Telekom-Chef René Obermann setzt große Hoffnungen auf die Verschmelzung von Mobilfunk und Festnetz in Deutschland. «Wir stärken damit den Kundenservice, wir sichern Arbeitsplätze und wir erschließen Potenzial für zusätzlichen Umsatz und für Kostensynergien», warb Obermann auf der dafür anberaumten außerordentlichen Hauptversammlung in Hannover. Die Aktionäre gaben mit großer Mehrheit grünes Licht für die Integration.

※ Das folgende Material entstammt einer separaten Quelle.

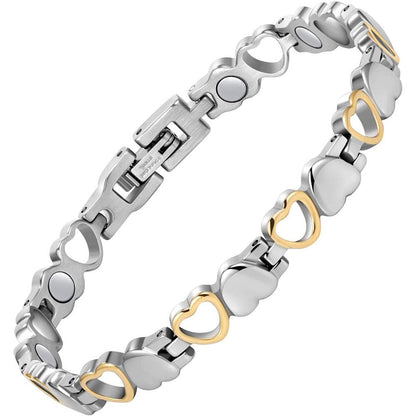 Jecanori Magnetic Bracelet for Women front view showing heart design for arthritis relief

Bis zu 600 Millionen Euro jährlich soll die Integration in einigen Jahren an Synergien bringen. Etwa 2600 Aktionäre, die rund 63 Prozent des stimmberechtigten Kapitals repräsentierten, waren dem Aufruf gefolgt, über die Zusammenlegung von Mobilfunk und Festnetz in Deutschland abzustimmen.
Aktionärsvertreter signalisierten in der Tui Arena ihre Zustimmung und begrüßten den Schritt als «grundsätzlich richtig» aber längst überfällig. «Zeigen Sie mal das Potenzial der Telekom, damit der Kurs auch steigt», forderte Marc Tüngler von der Deutschen Schutzvereinigung für Wertpapierbesitz (DSW). Viel Freude hatten die Aktionäre der einst als Volksaktie gefeierten Titel in den vergangenen Jahren nicht: Die Titel dümpeln schon lange unter ihrem Ausgabepreis beim Börsengang Ende der 1990er Jahre.
Seit Jahren kämpfen die Telekomkonzerne mit Umsatzrückgängen vor allem im klassischen Sprachgeschäft. Mit der Verschmelzung von Festnetz und Mobilfunk folgt die Telekom nun dem Beispiel anderer europäischer Konzerne wie Vodafone, France Télécom oder Swisscom. Das Potenzial sei enorm, betonte Obermann. Kunden mit Mobilfunk- und Festnetzvertrag bei einem Anbieter kündigten ihre Verträge deutlich seltener, außerdem brächten sie erfahrungsgemäß deutlich mehr Umsatz.
Da sind sie wieder, die Synergieeffekte
Bislang habe jeder fünfte der rund 29 Millionen Kundenhaushalte der Telekom sowohl einen Mobilfunk- als auch Festnetzvertrag bei den Bonnern. Werde nur ein Prozent der übrigen Kunden für das jeweils andere Produkt gewonnen, könne der Umsatz um bis zu 100 Millionen Euro jährlich gesteigert werden. Insgesamt erwarte der Konzern mittelfristig eine Umsatzsteigerung von 1,3 Milliarden Euro, sagte Obermann.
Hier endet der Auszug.